■ EXERCISE: Because the copy must hold no pictures, return the data below with all of its words intact.

(SUPPLIED INFORMATION)

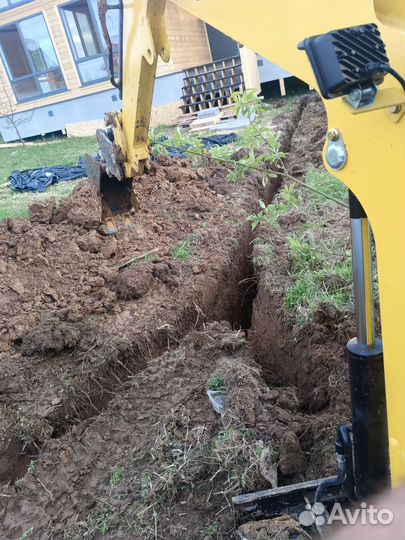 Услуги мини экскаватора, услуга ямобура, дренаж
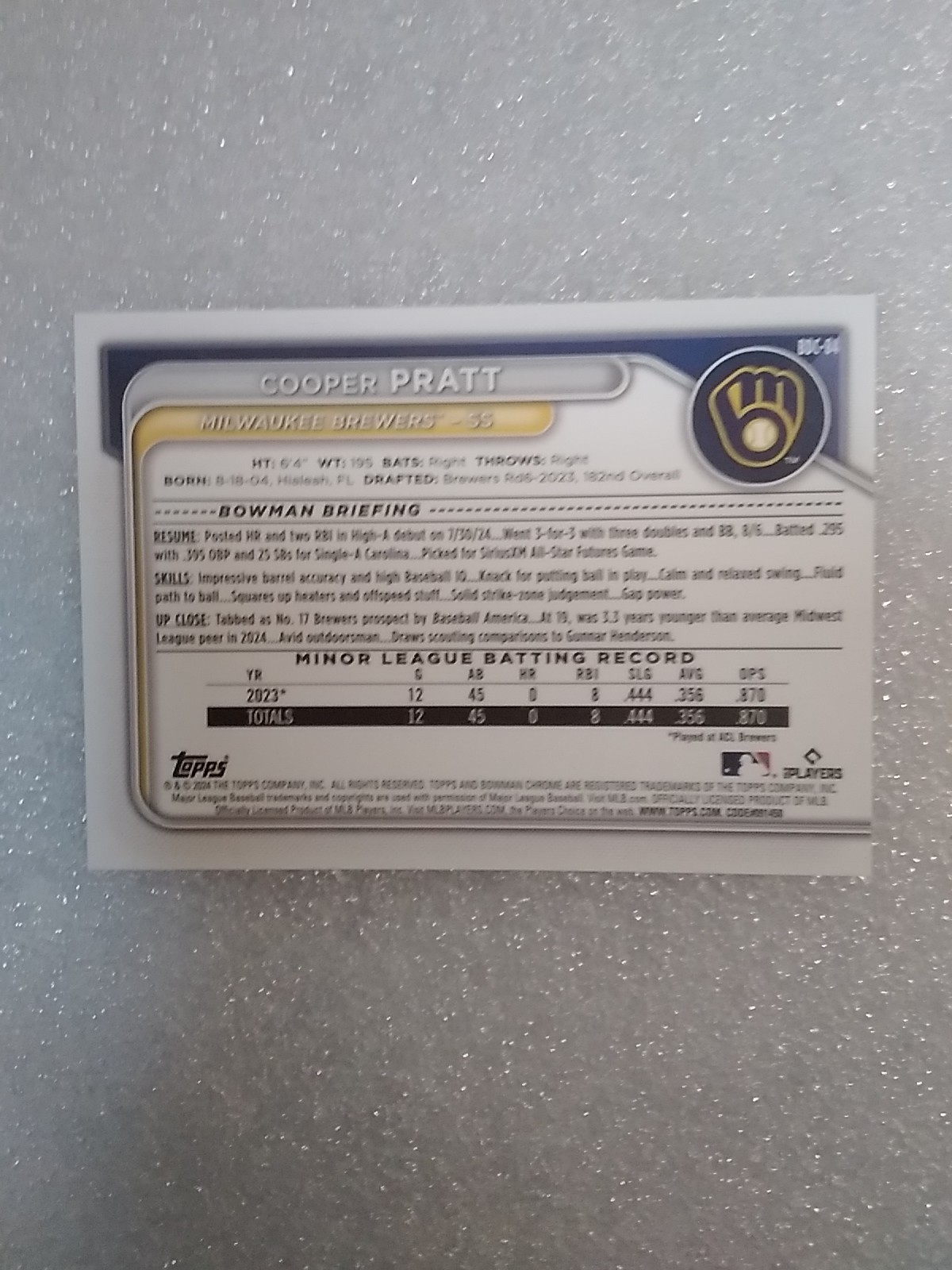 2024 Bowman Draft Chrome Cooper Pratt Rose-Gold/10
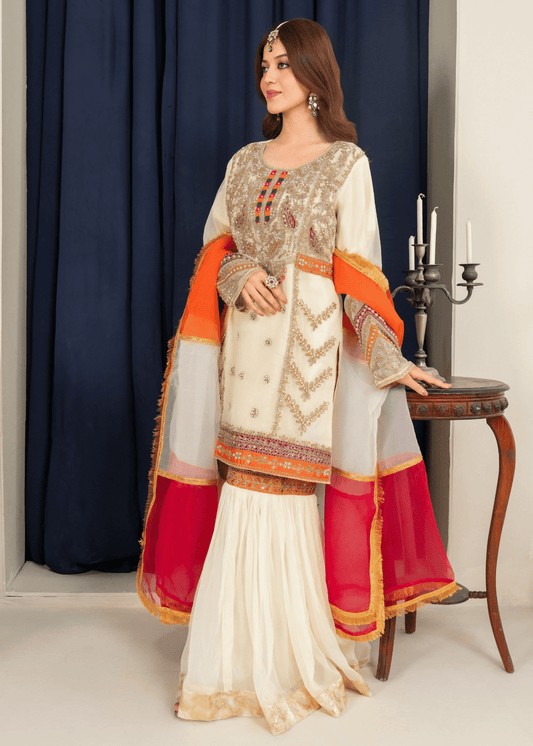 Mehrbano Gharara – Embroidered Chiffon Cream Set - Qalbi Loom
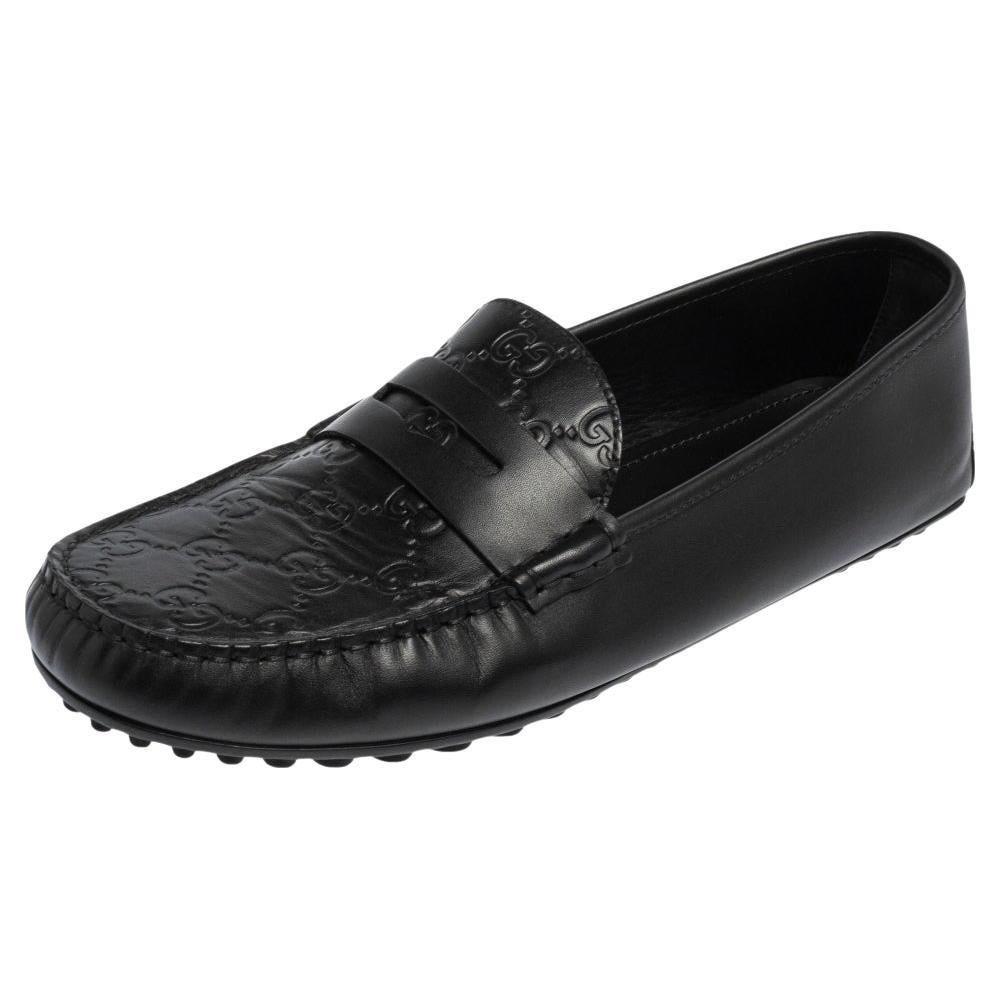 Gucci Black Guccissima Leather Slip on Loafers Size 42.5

(End SUPPLIED INFORMATION)

■ THE ANSWER:
 Услуги мини экскаватора, услуга ямобура, дренаж
 2024 Bowman Draft Chrome Cooper Pratt Rose-Gold/10
 Mehrbano Gharara – Embroidered Chiffon Cream Set - Qalbi Loom
 Gucci Black Guccissima Leather Slip on Loafers Size 42.5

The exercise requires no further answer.